Craigslist, the nationwide classified ad network, will begin charging a $10 fee for broker apartment listings in New York City in March, the organization announced in a posting on its site.

“After many months of evaluating feedback and deliberating, we’ve decided to institute a $10 fee for each listing posted to the broker apartment categories on the New York site (both “fee” and “no fee”), starting March 1, 2006,” says a posting on the craigslist site.

In general, all listings on the national network have been free, except for a fee to employers offering job listings in the San Francisco Bay Area, New York and Los Angeles. The new $10 fee will apply only to broker apartment listings in New York City, and is the product of a long-simmering controversy.

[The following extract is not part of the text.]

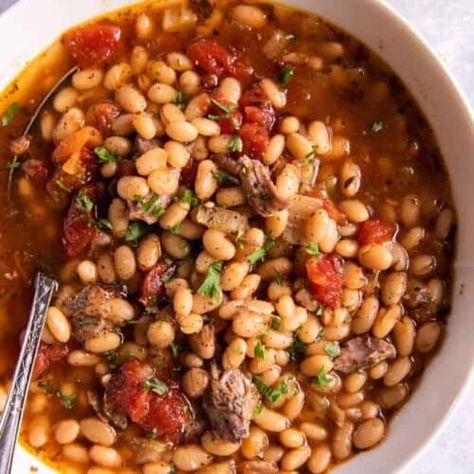 Instant Pot Navy Bean Soup | Everyday Family Cooking Soup Beans Instant Pot, Northern Beans Recipe, Great Northern Beans Recipe, Instant Pot Bean Soup, Juicy Ham, Navy Bean Soup, Ham Hocks, Pork Hock, Navy Beans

Apartment listings on the New York craigslist have soared into six figures. Because the competition is so fierce, agents repost often so their ads will stay near the top of the list. Also, scams reportedly abound in the listings, according to Classified Intelligence, a research company that reports on the classified ad market.

In an e-mail, Classified Intelligence said the craigslist move “makes sense,” and that attaching a name, address and verified credit card number to a listing, as will become the case when the ads cost money, “should certainly cut down on the garbage.”

The craigslist sites, which also include discussion boards, have made a mark on real estate, with more brokers and agents using them as another place on the Web to expose their listings, and more consumers turning to the Internet for real estate information.

Newmark founded the first craigslist site in San Francisco in 1995, and now serves as chief customer service representative for the online community, which has expanded to include 190 craigslist sites in 50 states and 35 countries.

Craigslist boasts more than 10 million users per month, and receives more than 3 billion page views per month.